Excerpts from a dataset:
--- START ---
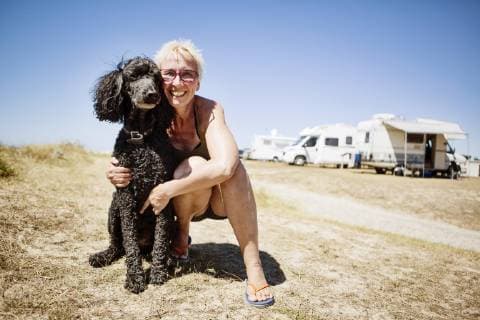  Frau umarmt ihren Hund, Königspudel, auf einem Campingplatz, Portbail, Normandie, Frankreich, Europa *** Woman embraces her dog king poodle at a campsite Portbail Normandie France Europe Copyright: imageBROKER/JanxTepass ibxjte04830927.jpg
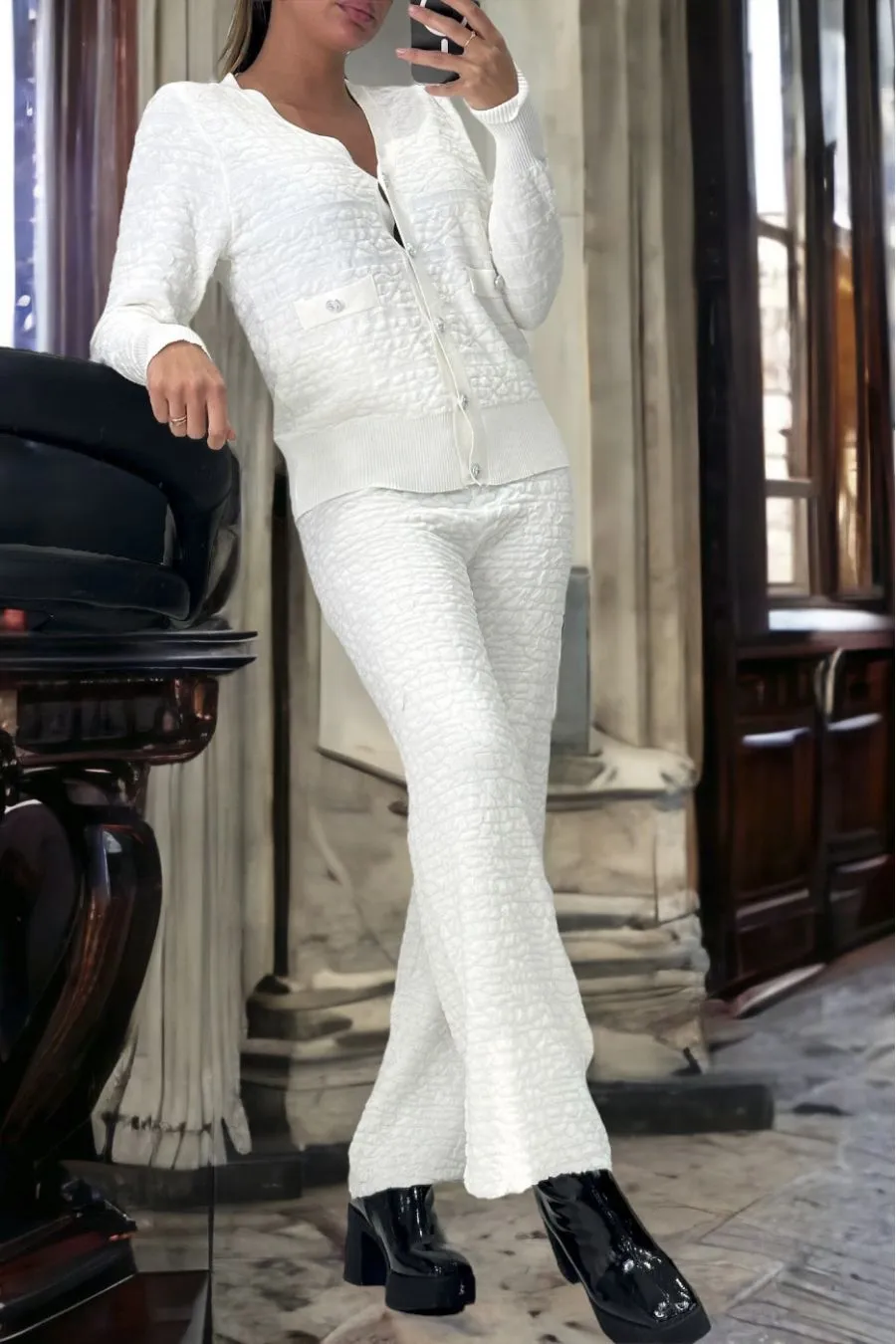 Ensemble blanc gilet et pantalon palazzo en jaquard très extensible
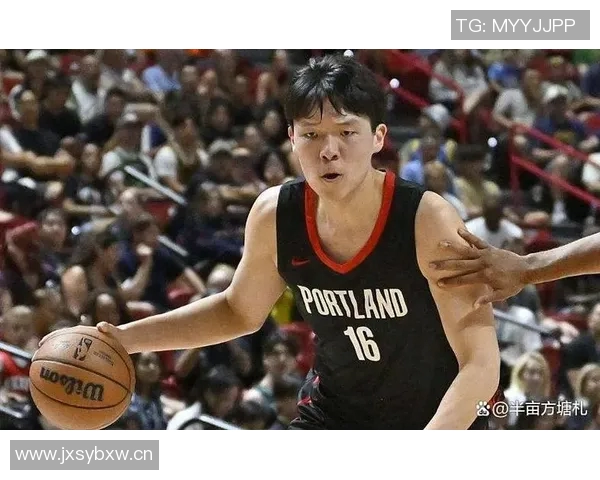 杨瀚森替补席流泪引发热议网友称其有羞耻心是球员的优良品质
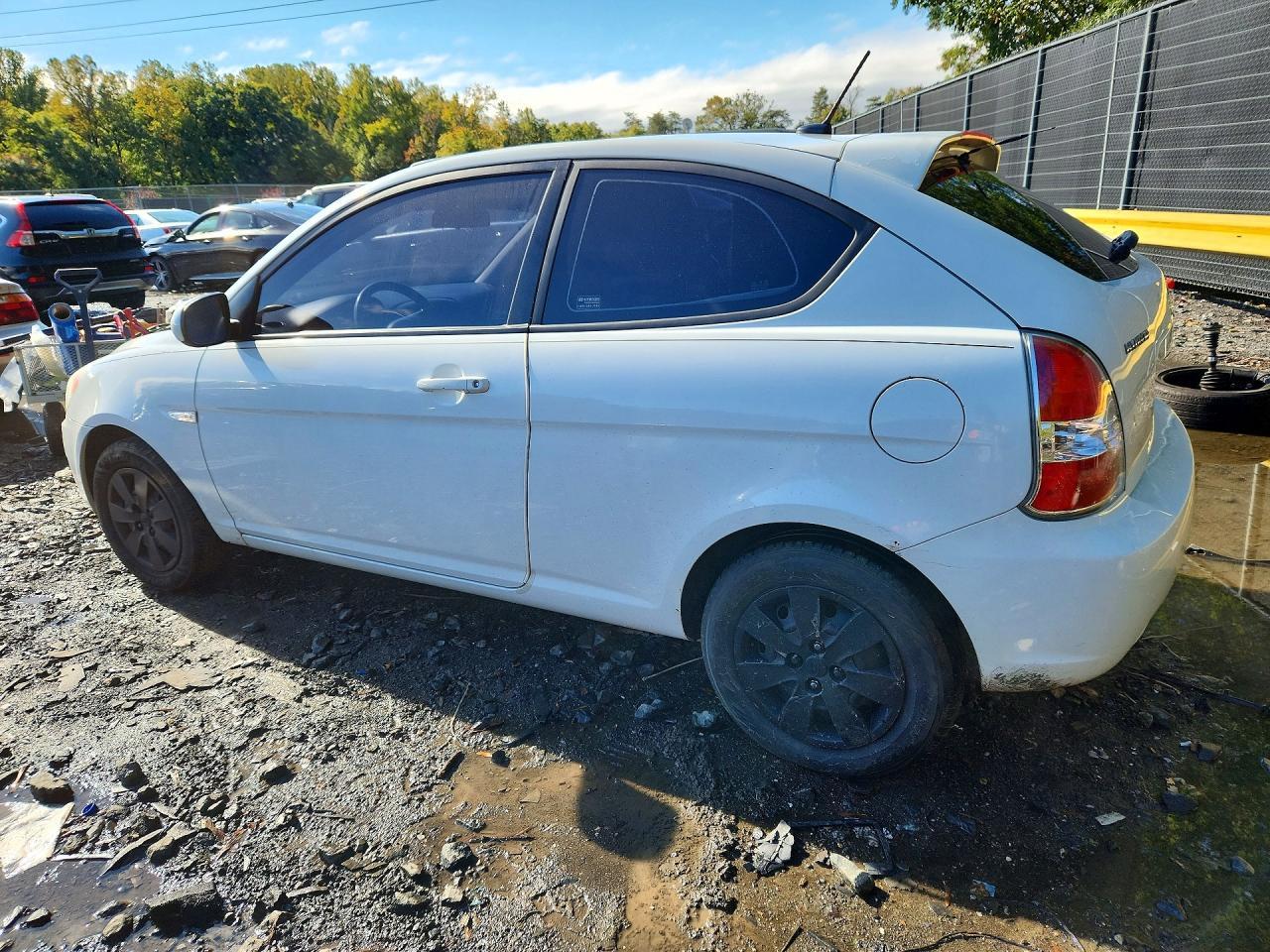 2010 Hyundai Accent Gs - Image 2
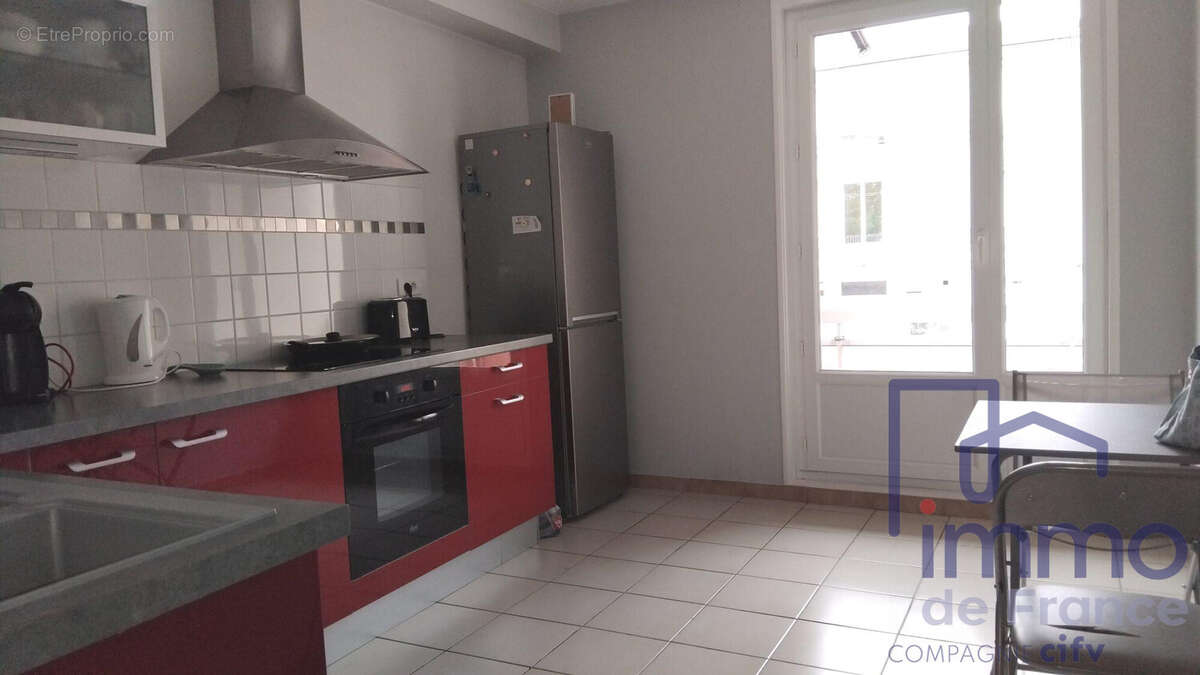 Appartement à SAINT-ETIENNE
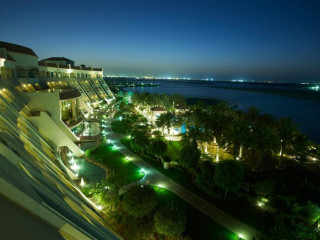 Al Raha Beach Hotel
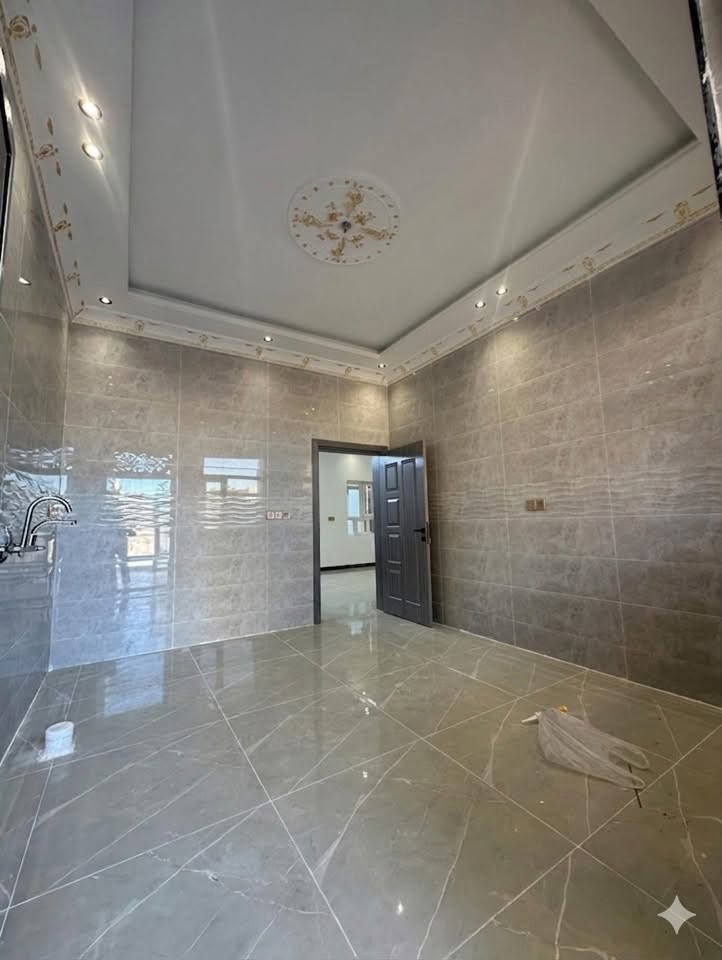يت بالتصنيع 150 متر وجه 7.5 واجهه حجر البيت زيرو وقريب من شارع 60 وسعر مناسب جداً ارخص بيت بالتصنيع  ***********
ملاحظه اني صاحب البيت
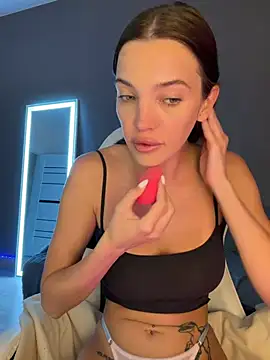 Snapshot of julia_fly chatting on July 10, 2026, 8:18 am julia fly online show from July 10, 2026, 8:18 am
--- END ---
The output must match, line for line, the span from the line containing "2010 Hyundai Accent Gs - Image 2" through the end of the data, with the pictures removed.

 2010 Hyundai Accent Gs - Image 2
 Appartement à SAINT-ETIENNE
 Al Raha Beach Hotel
يت بالتصنيع 150 متر وجه 7.5 واجهه حجر البيت زيرو وقريب من شارع 60 وسعر مناسب جداً ارخص بيت بالتصنيع  ***********
ملاحظه اني صاحب البيت
 Snapshot of julia_fly chatting on July 10, 2026, 8:18 am julia fly online show from July 10, 2026, 8:18 am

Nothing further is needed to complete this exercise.